However, our function in interpreting a statute"' "is simply to ascertain and declare what is in terms or in substance contained therein, not to insert what has been omitted, or to omit what has been inserted ...." '" (People v. Pecci (1999) 72 Cal.App.4th 1500, 1505.) As discussed above, because the language is unambiguous-and twice repeated in subdivision (a) of section 1172.6-we conclude the Legislature intended what the words convey: the statute affords resentencing relief only to those convicted of attempted murder under the natural and probable consequences doctrine. We decline Orantes's invitation to add language to the statute. Moreover, we do not find it absurd to limit eligibility to defendants convicted of attempted murder under the natural and probable consequences doctrine, even if defendants convicted of murder might be eligible under other theories.
Orantes next contends that applying the phrase "or other theory under which malice is imputed to a person based solely on a person's participation in a crime" to murder but not attempted murder convictions violates his right to equal protection under the federal and California Constitutions. Similar claims were made before Senate Bill 775 was passed that the omission of manslaughter from section 1172.6 violated equal protection. (People v. Cervantes (2020) 44 Cal.App.5th 884, 888-889; People v. Paige (2020) 51 Cal.App.5th 194, 205-206; People v. Sanchez (2020) 48 Cal.App.5th 914, 920921.) We apply rational basis review to determine whether the limitation of section 1172.6 relief to those convicted of attempted murder, as opposed to murder, solely under the natural and probable consequences doctrine violates equal protection. (Sanchez, at p. 921.) There is no equal protection violation if this limitation bears a rational relationship to a legitimate state purpose. (Ibid.)
Orantes acknowledges that he did not raise an equal protection challenge to the statute in the trial court. Although a defendant may forfeit an equal protection claim raised for the first time on appeal, we exercise our discretion to consider the claim. (People v. Diggs (2022) 80 Cal.App.5th 702, 710; see also In re Sheena K. (2007) 40 Cal.4th 875, 887, fn. 7.)
Orantes argues that we should apply the strict scrutiny test requiring the state to show the statute is narrowly tailored to further a compelling state interest, because "prisoners have a 'personal liberty interest' in being released from incarceration as soon as possible." We disagree. We conclude that the rational basis test applies because a defendant does not have a fundamental interest in the duration of a prison term. (People v. Wilkinson (2004) 33 Cal.4th 821, 838; People v. K.P. (2018) 30 Cal.App.5th 331, 343.)

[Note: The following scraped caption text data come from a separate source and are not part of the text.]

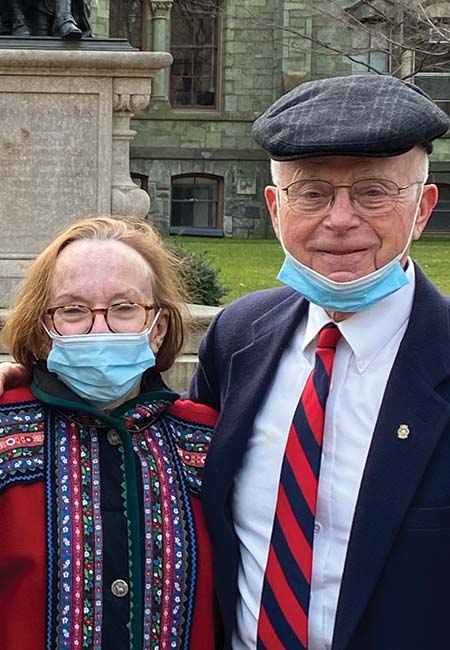 Susan Cotton and Doug Cotton are seen with masks against the backdrop of College Hall at Penn. Photo by Jane Lindahl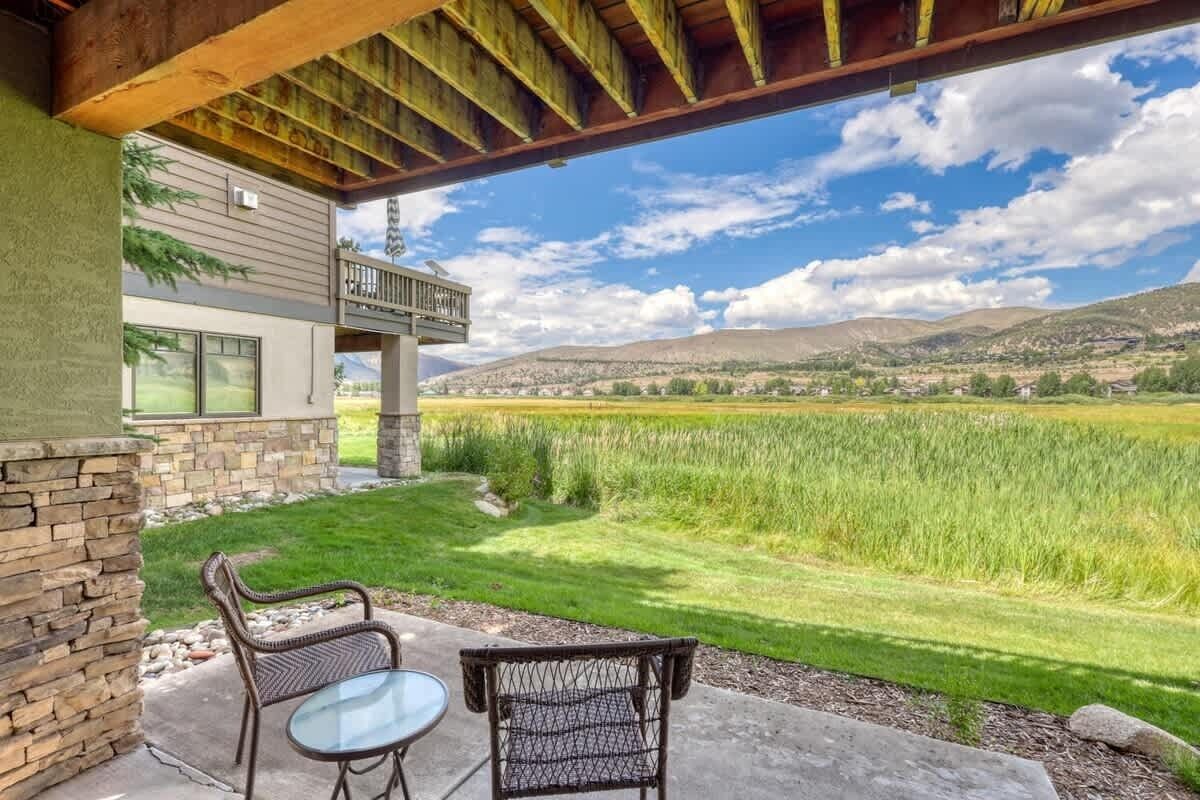 A covered patio with two wicker chairs and a glass table, overlooking a grassy field and distant hills.
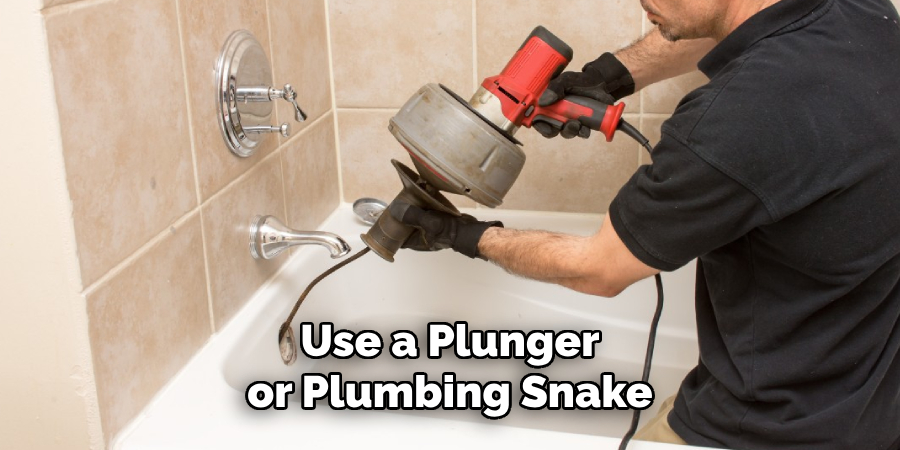 Use a Plunger or Plumbing Snake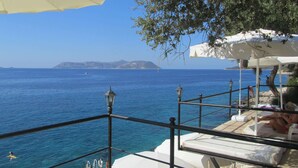 A seaside terrace with a view of the sea and distant islands, featuring a railing, a lamp post, and a covered seating area. - Kaş Old Town Hotel & Beach (Kaş)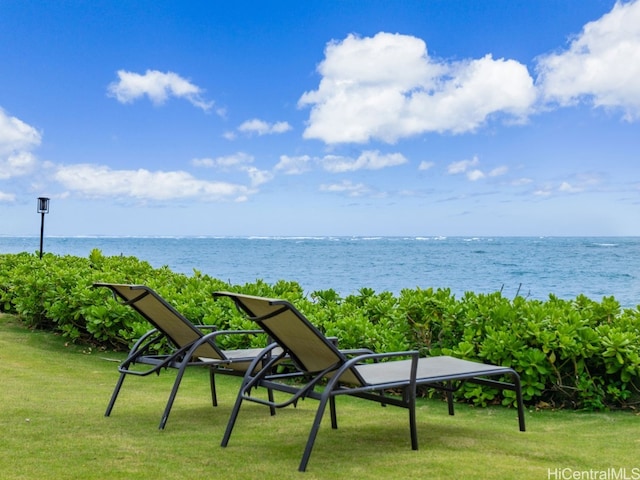 exterior space with a water view and a yard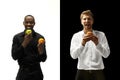 Men eating a hamburger and fruits on a black and white background Royalty Free Stock Photo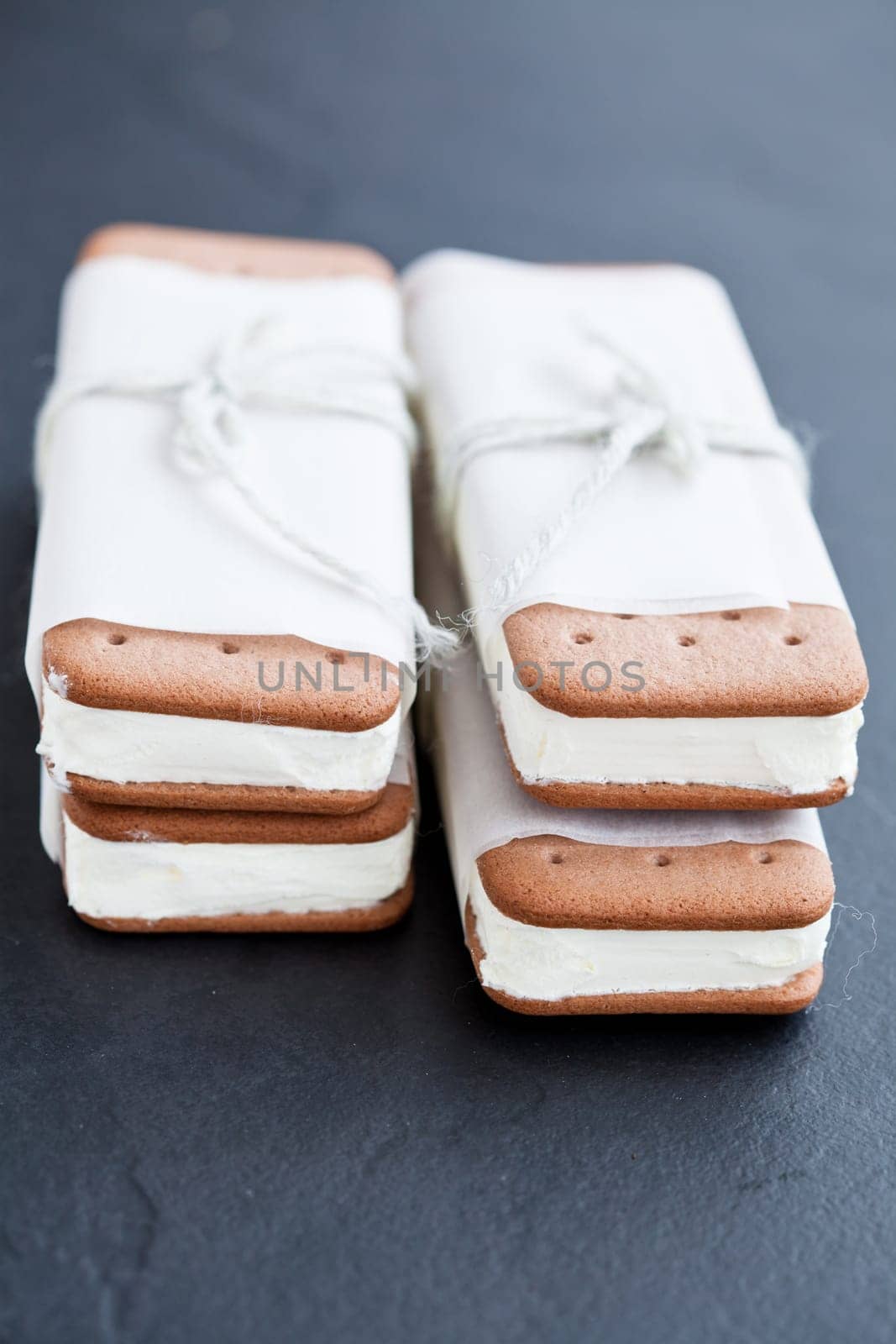 Closeup of two stacks of vanilla ice cream biscuits wrapped in white paper with string and bow on dark background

In Cervantes, the court pointed out that in enacting Senate Bill 1437 "the legislative focus was centered on the unfairness of the felony-murder rule. The Legislature could rationally decide to change the law in this area and not be currently concerned with crimes not involved with that rule." (People v. Cervantes, supra, 44 Cal.App.5th at p. 888.) In the same vein, when enacting Senate Bill 775, the Legislature could rationally decide to provide the broadest grounds for sentencing relief to those convicted of the crime of murder, which is punished by the longest sentence, where the unfairness of a conviction and sentence based solely on participation in the crime is most acute, while at the same time affording less expansive relief to those convicted of attempted murder.
We conclude that section 1172.6 as amended by Senate Bill 775 does not violate equal protection.
Thiessen did not raise an equal protection claim in his opening brief except to argue in a footnote that the legislative purpose of Senate Bill 1437 and Senate Bill 775 was to lower prison populations and the associated cost of maintaining inmates in the prison system. To the extent Thiessen argues that in light of this statutory purpose, it was not reasonable to distinguish between persons convicted of murder and attempted murder, "[t]hat is exactly the type of fiscal line-drawing and policymaking decision that the Legislature is free to make." (People v. Paige, supra, 51 Cal.App.5th at p. 206; People v. Sanchez, supra, 48 Cal.App.5th at p. 921.)
DISPOSITION
The orders denying Thiessen's and Orantes's petitions for relief under section 1172.6 are affirmed.
We concur: MAURO, Acting P.J., MESIWALA, J.